А. Ф. Вельтман — превосходный литератор-профессионал, впоследствии преломлявший свои кишиневские впечатления в парадоксальной и ироничной прозе. Легкий оттенок иронии лежит на его изображении кишиневского общества; его Пушкин погружен в литературные интересы. Маленький эпизод с лингвистическим спором по поводу вельтмановского экспромта занимает в его рассказе важное место.

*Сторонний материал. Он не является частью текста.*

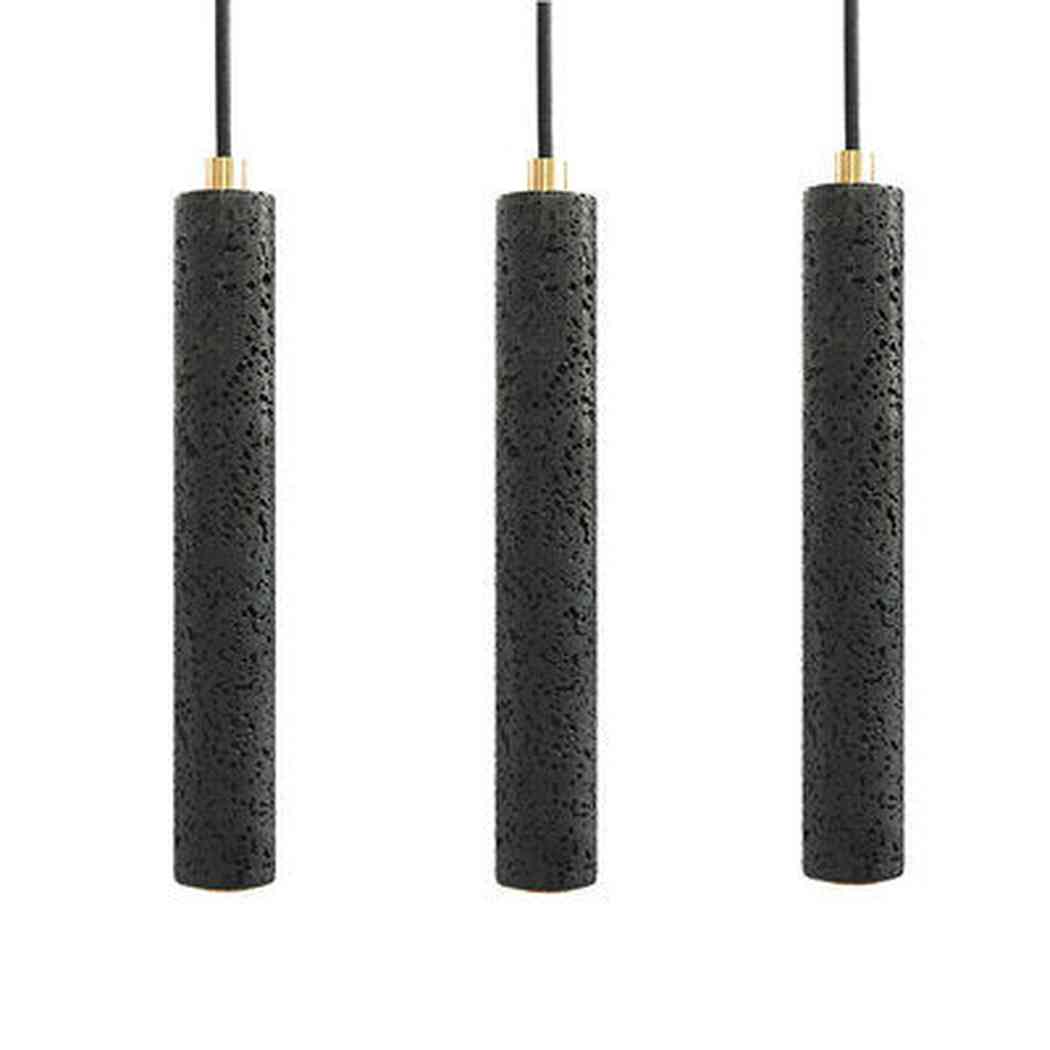 Black Lava A Stone Minimalist Line Pendant Light
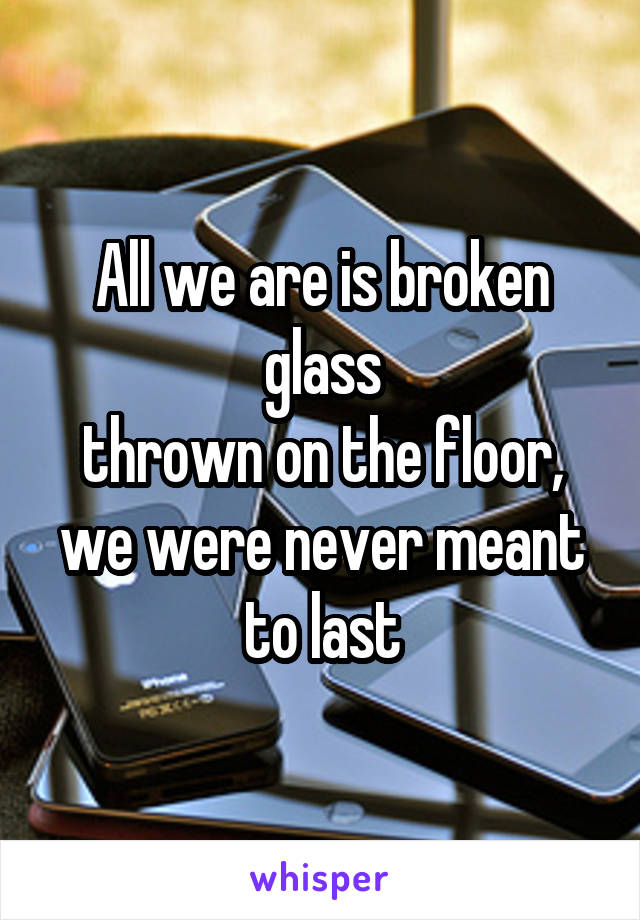 All we are is broken glass
thrown on the floor, we were never meant to last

И. П. Липранди — бесспорно, наиболее яркая личность из всех — вовсе не литератор, что неоднократно подчеркивает сам. Еженедельно встречаясь с Вельтманом, он не помнит даже, кто написал упомянутое им стихотворение, хотя помнит о споре, в детали которого, впрочем, не вдумывается. Он не чужд литературе, но он преимущественно политик, статистик, историк широчайшего кругозора и образованности. Это фигура большого масштаба — и больших, но неразвернувшихся возможностей: ученый, не написавший трудов, политик и дипломат, занявшийся статистикой; революционер, заговорщик, ставший затем (много позднее) провокатором на службе у правительства, бретер отчаянной храбрости и хладнокровия, со спокойным благоразумием примиряющий Пушкина с противниками почти у барьера. Все эти черты личности, очень привлекавшей Пушкина, отразились в обширных мемуарах Липранди, очень точных там, где дело касается лично им увиденного, подтвержденных собранными им документами и материалами, наполненных историческими, политическими, социологическими справками и сведениями. Написанные — как замечания очевидца на работу Бартенева, они не уступают ей в научной основательности.

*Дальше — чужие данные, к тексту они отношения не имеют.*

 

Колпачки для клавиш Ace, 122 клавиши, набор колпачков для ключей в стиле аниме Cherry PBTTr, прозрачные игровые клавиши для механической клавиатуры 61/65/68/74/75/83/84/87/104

В мемуарах Липранди, основанных, как и горчаковские, на подлинном дневнике, Пушкин обращается к нам иной ипостасью. Он поставлен в иную среду, не ту, которая известна нам по кишиневским анекдотам. В облике, поведении, тематике разговоров окружавших его здесь людей легко угадываются члены тайных обществ. Они политики, социологи и философы — люди того же склада, что и в петербургском кружке Тургеневых. Их Липранди отлично знал и был совершенно в курсе их занятий. Позднее, когда писались мемуары, правительственный чиновник Липранди должен был отводить от себя подозрение в причастности к заговорщикам — и он призвал на помощь свою осведомленность, чтобы обелить М. Ф. Орлова и весь его круг. Он проделал это в своих воспоминаниях о Пушкине с исторической основательностью и дипломатическим искусством; но нигде не фальсифицировал материал, лишь говорил не все, что знает. Вместе с тем он положил на портрет Пушкина совершенно новые краски; его Пушкин — человек углубленных исторических, этнографических интересов, — даже более, чем поэт. Липранди мало говорит о его стихах, — зато упоминает о не дошедших до нас записях молдавских преданий и занятиях историей, политикой, географией края; даже в Овидии, если верить Липранди, Пушкин видит лицо не столько поэтическое, сколько историческое.